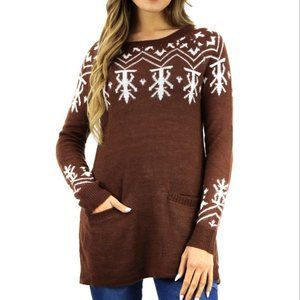 Abstract designed Christmas sweater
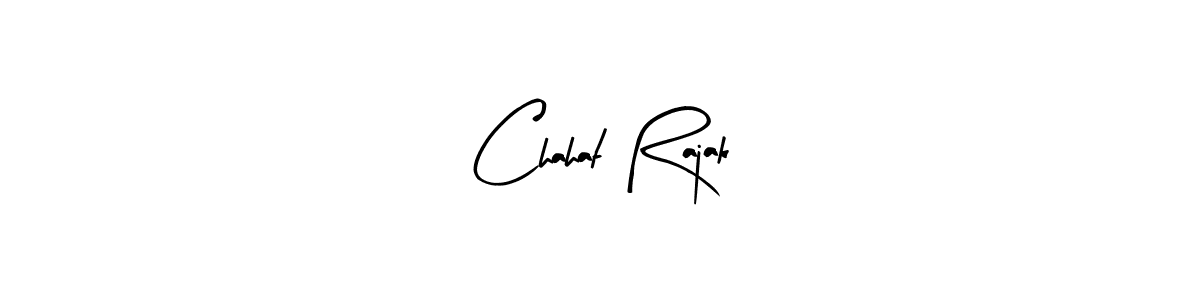 Arty Signature is a professional signature style that is perfect for those who want to add a touch of class to their signature. It is also a great choice for those who want to make their signature more unique. Get Chahat Rajak name to fancy signature for free. Chahat Rajak signature style 8 images and pictures png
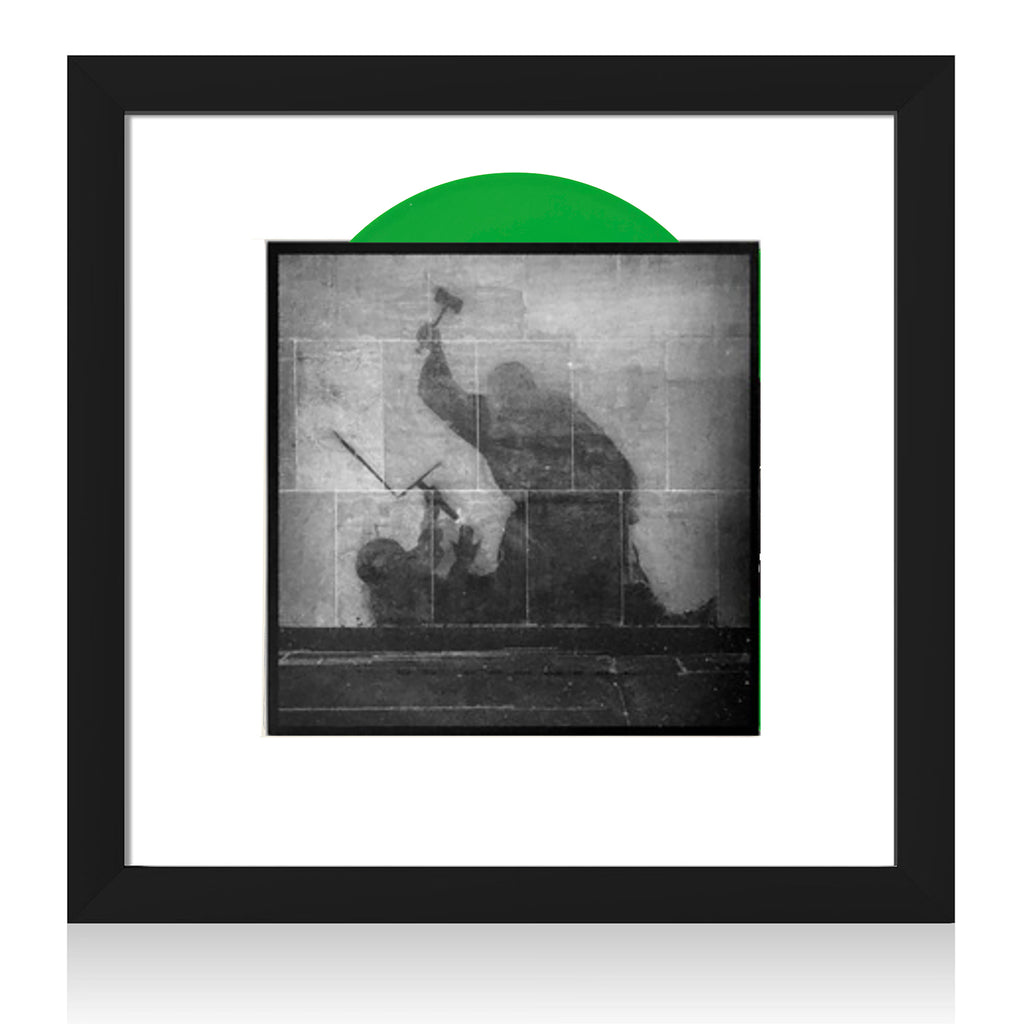 BANKSY x KNEECAP 'No Comment' (2026) Framed Original 7in. Vinyl (green) Single
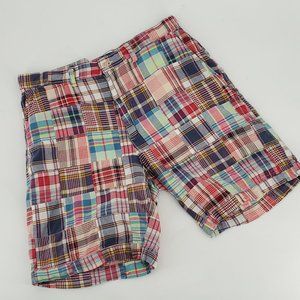 Polo Ralph Lauren Madras Print Shorts Size 34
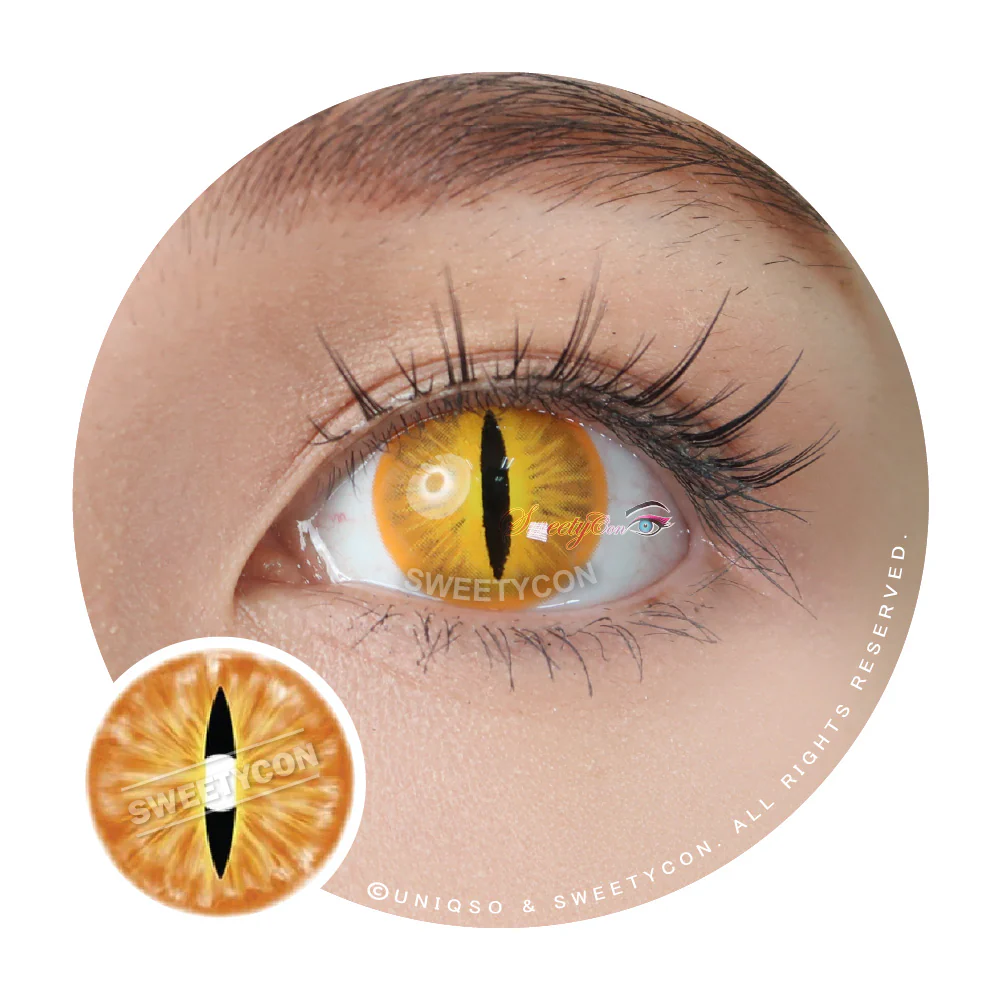 Sweety Crazy Orange Demon Eye / Cat Eye (New) (1 lens/pack)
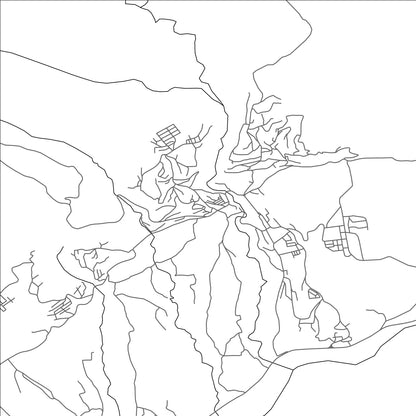 ROAD MAP OF ARRIS, ALGERIA BY MAPBAKES
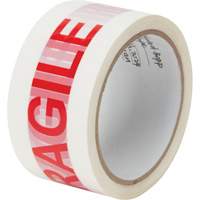 "Fragile" Box Sealing Tape, Hot Melt Adhesive, 2 mils, 48 mm (2") x 100 m (328') Canadian Safety Group Inc.
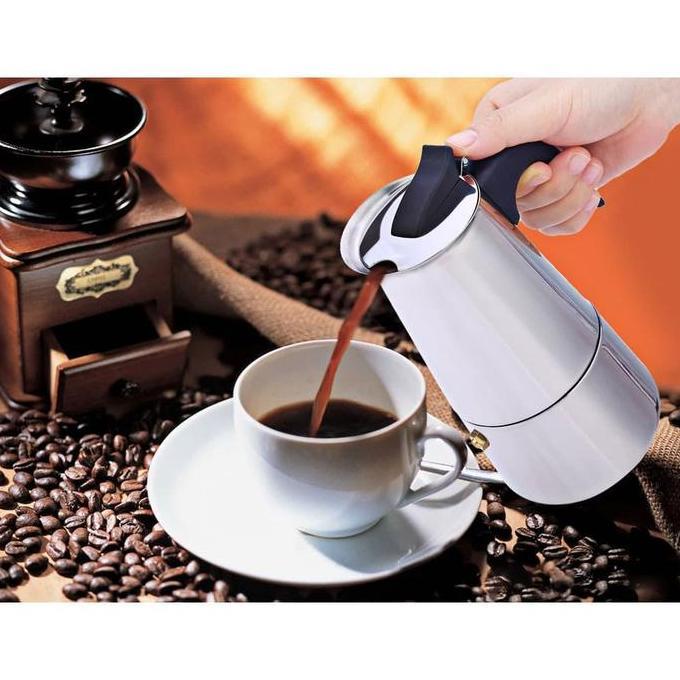 Pot Espresso Maker Coffee Maker Stovetop Stainless Steel Cup Espresso Coffee Machine Maker Mesin Tek
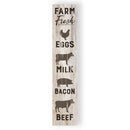 P. Graham Dunn Farm Fresh Animals Rustic Whitewash 7.25 x 1.5 Inch Wood Vertical Tabletop Block Sign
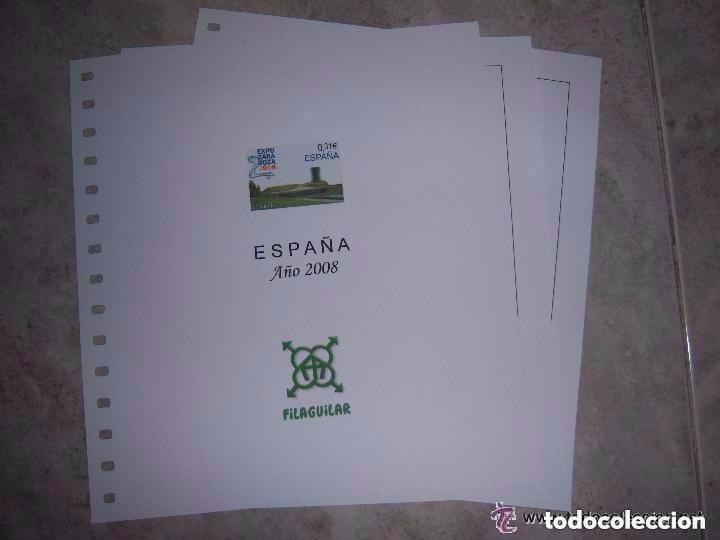 Sellos: HOJAS DE ESPA&Ntilde;A, A&Ntilde;O 2008 - Foto 1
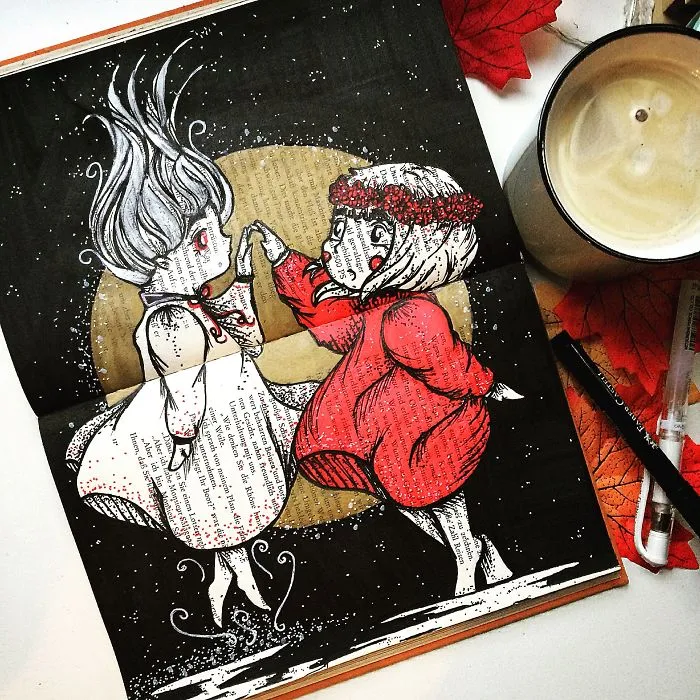 I Create Art On The Old Books I Find In Flea Markets (Part 3)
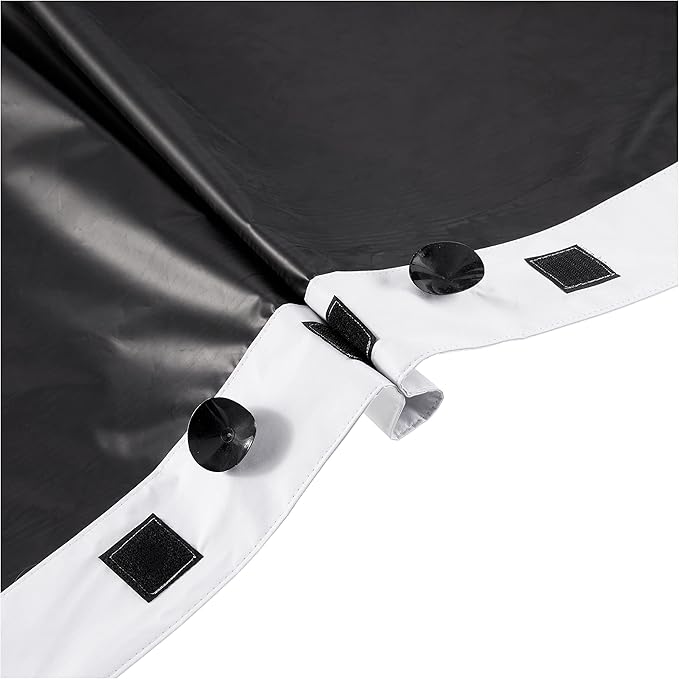 Amazon Basics Portable Blackout Curtain Shade with Suction Cups, 50"W x 78"L, 1 Pack, White-Ruum Studio Home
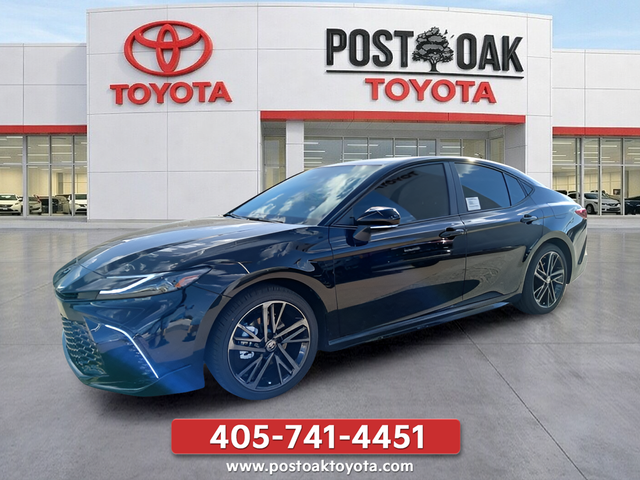 Midnight Black Metallic 2026 Toyota Camry Sedan Front-Wheel Drive Continuously Variable Transmission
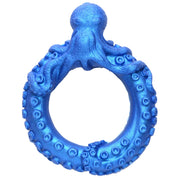 Poseidon's Octo-Ring Silicone Cock Ring - Blue-Cockrings-XR Brands Creature Cocks-Andy's Adult World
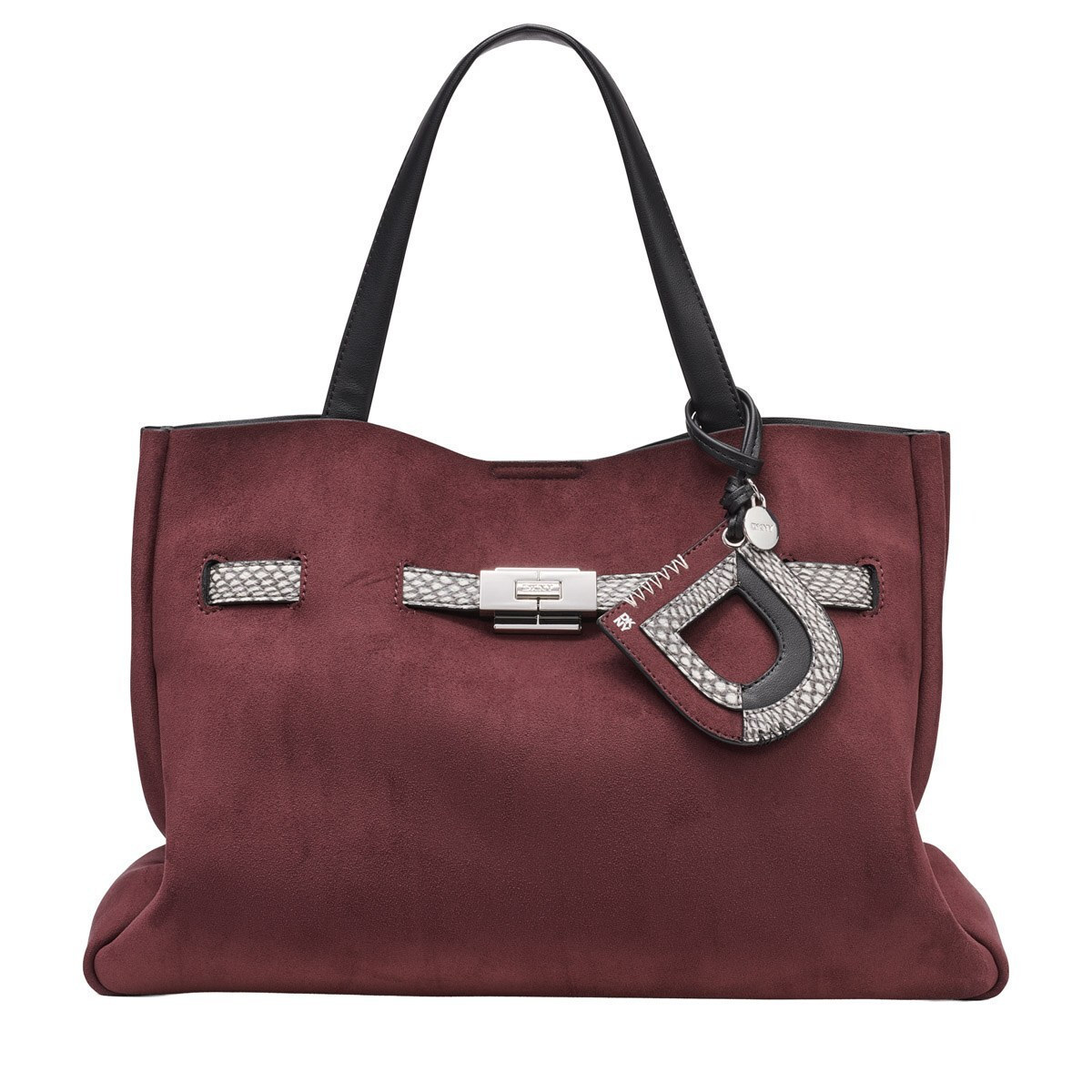 DKNY Γυναικεία Τσάντα Satchel BRYAR SATCHELS Αμυγδαλί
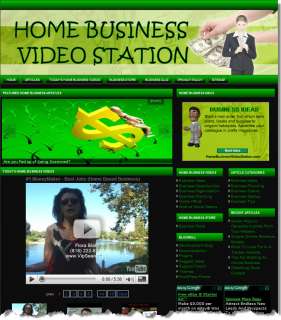   HOME BUSINESS ADVICE, STORE & VIDEO WEBSITE BUSINESS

.....

__Task details__
When the listing is transcribed, every line must match the original exactly, and the pictures must be left out.

__Task answer__
 Abstract designed Christmas sweater
 Arty Signature is a professional signature style that is perfect for those who want to add a touch of class to their signature. It is also a great choice for those who want to make their signature more unique. Get Chahat Rajak name to fancy signature for free. Chahat Rajak signature style 8 images and pictures png
 BANKSY x KNEECAP 'No Comment' (2026) Framed Original 7in. Vinyl (green) Single
 Polo Ralph Lauren Madras Print Shorts Size 34
 Sweety Crazy Orange Demon Eye / Cat Eye (New) (1 lens/pack)
 ROAD MAP OF ARRIS, ALGERIA BY MAPBAKES
 "Fragile" Box Sealing Tape, Hot Melt Adhesive, 2 mils, 48 mm (2") x 100 m (328') Canadian Safety Group Inc.
 Pot Espresso Maker Coffee Maker Stovetop Stainless Steel Cup Espresso Coffee Machine Maker Mesin Tek
 P. Graham Dunn Farm Fresh Animals Rustic Whitewash 7.25 x 1.5 Inch Wood Vertical Tabletop Block Sign
 Sellos: HOJAS DE ESPA&Ntilde;A, A&Ntilde;O 2008 - Foto 1
 I Create Art On The Old Books I Find In Flea Markets (Part 3)
 Amazon Basics Portable Blackout Curtain Shade with Suction Cups, 50"W x 78"L, 1 Pack, White-Ruum Studio Home
 Midnight Black Metallic 2026 Toyota Camry Sedan Front-Wheel Drive Continuously Variable Transmission
 Poseidon's Octo-Ring Silicone Cock Ring - Blue-Cockrings-XR Brands Creature Cocks-Andy's Adult World
 DKNY Γυναικεία Τσάντα Satchel BRYAR SATCHELS Αμυγδαλί
   HOME BUSINESS ADVICE, STORE & VIDEO WEBSITE BUSINESS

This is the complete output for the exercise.